_Assignment:_
Your job is to transcribe all the records that follow, excluding any pictures.

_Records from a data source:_
Content starts

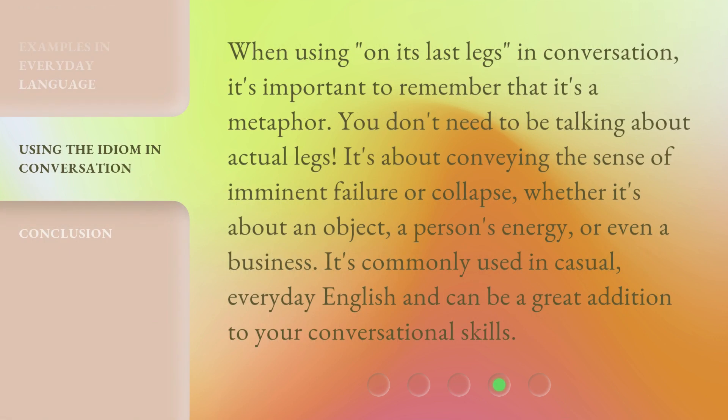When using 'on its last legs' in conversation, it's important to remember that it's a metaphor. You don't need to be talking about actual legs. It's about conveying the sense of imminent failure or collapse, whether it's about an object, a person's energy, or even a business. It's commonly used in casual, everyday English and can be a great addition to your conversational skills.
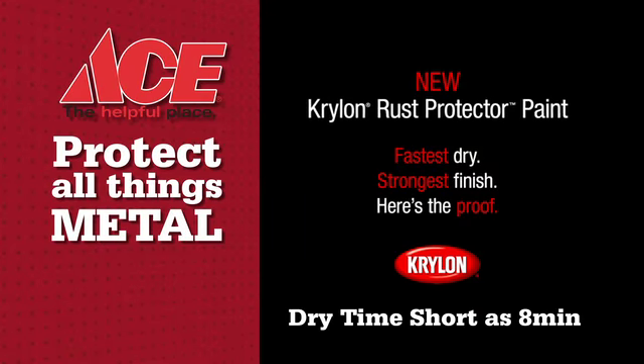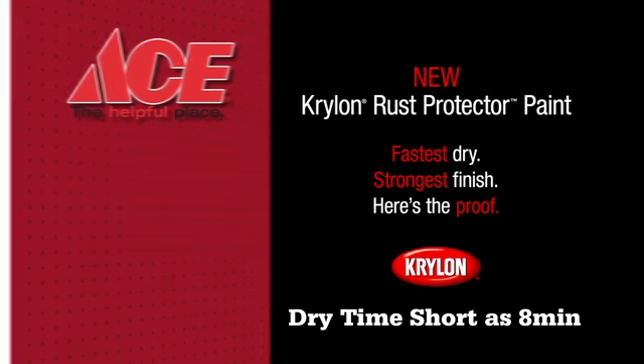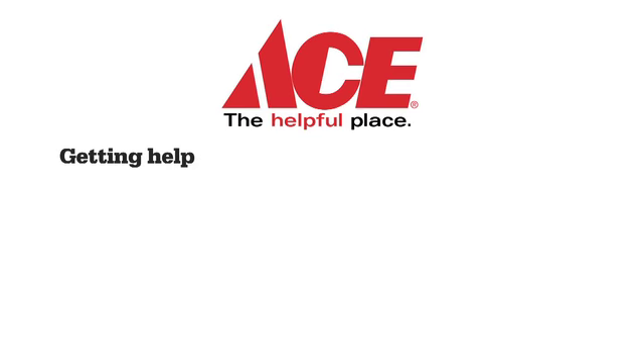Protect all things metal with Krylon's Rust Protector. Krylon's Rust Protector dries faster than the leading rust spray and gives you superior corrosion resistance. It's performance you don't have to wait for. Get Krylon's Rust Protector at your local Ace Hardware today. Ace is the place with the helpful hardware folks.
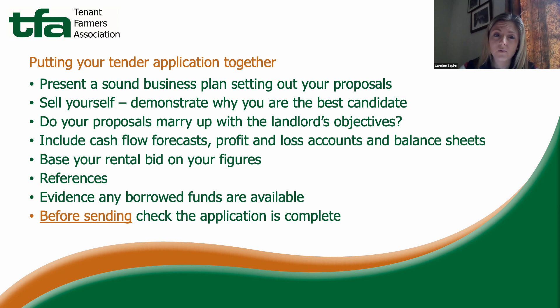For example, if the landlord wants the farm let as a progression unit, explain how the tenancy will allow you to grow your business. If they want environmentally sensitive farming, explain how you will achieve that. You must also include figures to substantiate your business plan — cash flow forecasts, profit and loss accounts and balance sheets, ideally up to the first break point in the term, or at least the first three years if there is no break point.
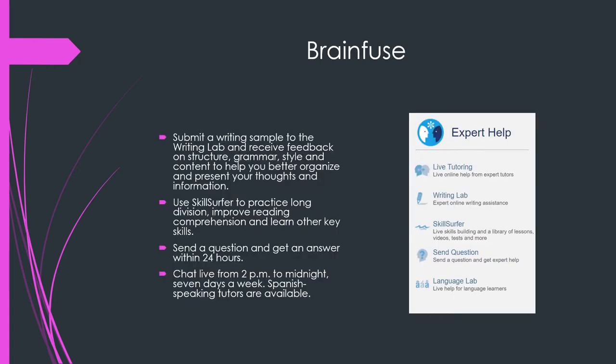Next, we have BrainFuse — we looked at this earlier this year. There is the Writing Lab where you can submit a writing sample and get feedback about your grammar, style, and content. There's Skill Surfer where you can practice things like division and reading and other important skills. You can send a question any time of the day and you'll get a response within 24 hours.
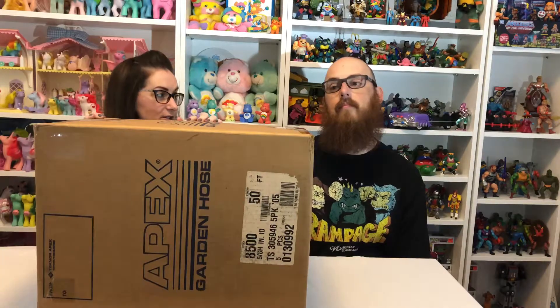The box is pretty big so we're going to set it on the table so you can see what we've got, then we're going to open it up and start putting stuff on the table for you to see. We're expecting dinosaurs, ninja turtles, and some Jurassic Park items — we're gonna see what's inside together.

Content ends

_Output of the task:_
When using 'on its last legs' in conversation, it's important to remember that it's a metaphor. You don't need to be talking about actual legs. It's about conveying the sense of imminent failure or collapse, whether it's about an object, a person's energy, or even a business. It's commonly used in casual, everyday English and can be a great addition to your conversational skills.
Protect all things metal with Krylon's Rust Protector. Krylon's Rust Protector dries faster than the leading rust spray and gives you superior corrosion resistance. It's performance you don't have to wait for. Get Krylon's Rust Protector at your local Ace Hardware today. Ace is the place with the helpful hardware folks.
For example, if the landlord wants the farm let as a progression unit, explain how the tenancy will allow you to grow your business. If they want environmentally sensitive farming, explain how you will achieve that. You must also include figures to substantiate your business plan — cash flow forecasts, profit and loss accounts and balance sheets, ideally up to the first break point in the term, or at least the first three years if there is no break point.
Next, we have BrainFuse — we looked at this earlier this year. There is the Writing Lab where you can submit a writing sample and get feedback about your grammar, style, and content. There's Skill Surfer where you can practice things like division and reading and other important skills. You can send a question any time of the day and you'll get a response within 24 hours.
The box is pretty big so we're going to set it on the table so you can see what we've got, then we're going to open it up and start putting stuff on the table for you to see. We're expecting dinosaurs, ninja turtles, and some Jurassic Park items — we're gonna see what's inside together.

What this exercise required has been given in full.